Sikhs in Pak's Khyber-Pakhtunkh province continue to live without basic necessities

PTI
Published Feb 21, 2017, 8:25 pm IST
Updated Feb 21, 2017, 8:26 pm IST
Despite the tough living conditions, the community remains fairly positive that its issues will be resolved by the government.
Members of the Sikh community had to move to Peshawar's Muhalla Jogan Shah and Saddar Bazaar localities after the law and order situation posed threats to their security.  (Reprsentational Image)
 Members of the Sikh community had to move to Peshawar's Muhalla Jogan Shah and Saddar Bazaar localities after the law and order situation posed threats to their security. (Reprsentational Image)

Peshawar: Pakistan's Khyber-Pakhtunkhwa province, where the Sikh community thrived before the partition, faces security issues and lacks basic necessities like education and healthcare, a media report said.

The province has a sizeable number of Sikh population in Pakistan but there have been instances where Sikh traders have been targetted for ransom. There are nearly 10,000 members of the Sikh community in the province.

 

"Plazas have been constructed in place of some gurdwaras. The ones not sold have been taken over by the land grabbing mafia," Pakistan Sikh community Chairman Radesh Singh Tony was quoted as saying by Geo News.

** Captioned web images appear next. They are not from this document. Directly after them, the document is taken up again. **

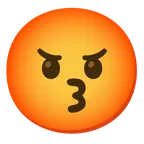 وجه يقبّل + وجه مع رموز على الفم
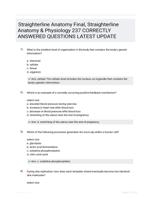 Straighterline Anatomy Final, Straighterline Anatomy & Physiology 237 CORRECTLY ANSWERED QUESTIONS LATEST UPDATE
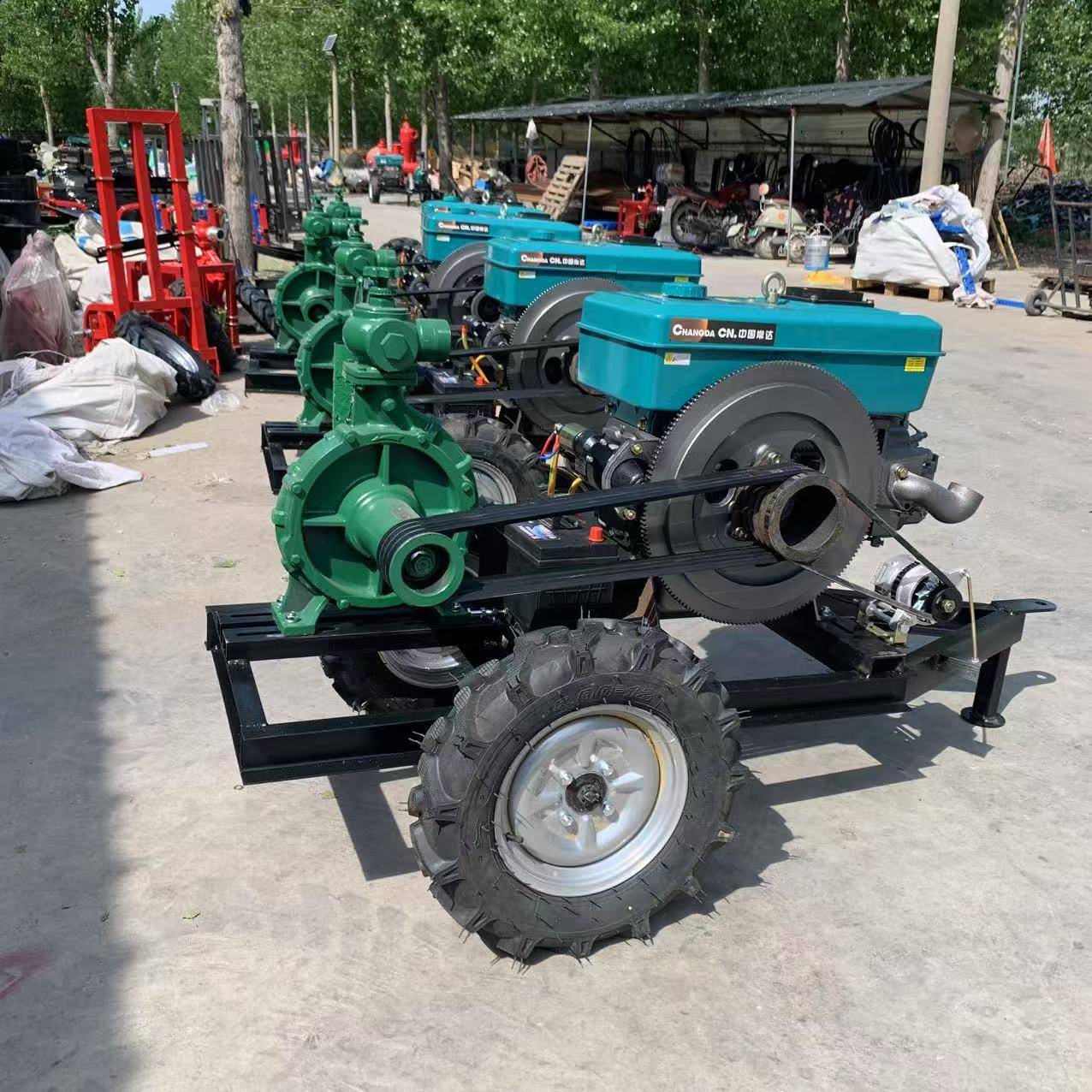 柴油拖车电启动高压泵农田抗旱多功能抽水机带转盘机浇地喷灌机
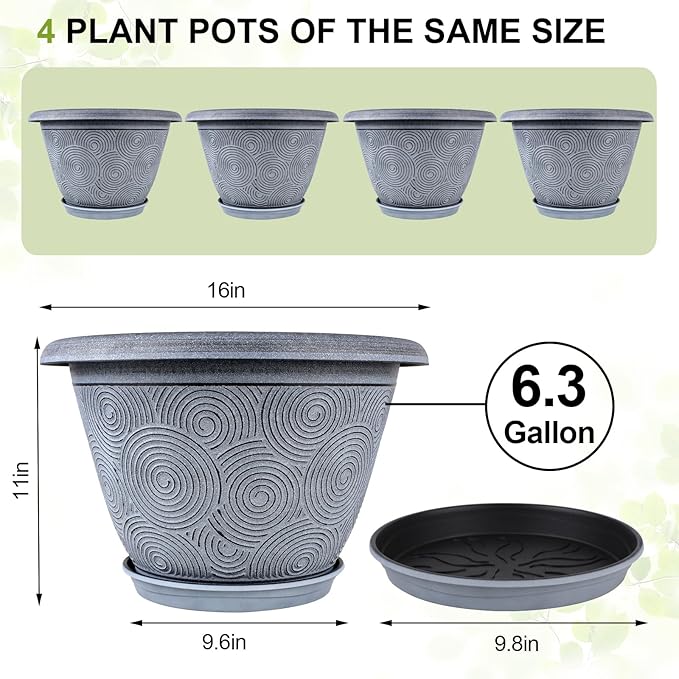 16 Inch Large Planter Pot for Plants Indoor Outdoor, 4 Pack Plastic Flower Pots with Drainage Hole & Tray, Modern Decorative Garden Pot with Saucer, Plant Container for House-HomvellaHome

"The community does not have a cremation ground to perform the last rites," he said. Instead, the community has to make cremation arrangements in Attock district in Punjab province.

Members of the Sikh community had to move to Peshawar's Muhalla Jogan Shah and Saddar Bazaar localities after the law and order situation posed threats to their security. Children were pulled out of schools due to safety concerns.

 

"We are renting property to create makeshift schools. It is difficult to bear the expenses. We request the government to provide us with a building and funds for education," said school headmaster Baba Jugerpaal Singh.

Despite the tough living conditions, the community remains fairly positive that its issues will be resolved by the government.

"The prime minister is taking a lot of interest in resolving minority issues. Recently Pakistan has passed a bill against forced conversion," lawmaker Asfan Yar Bhandara said during his visit to a gurdwara.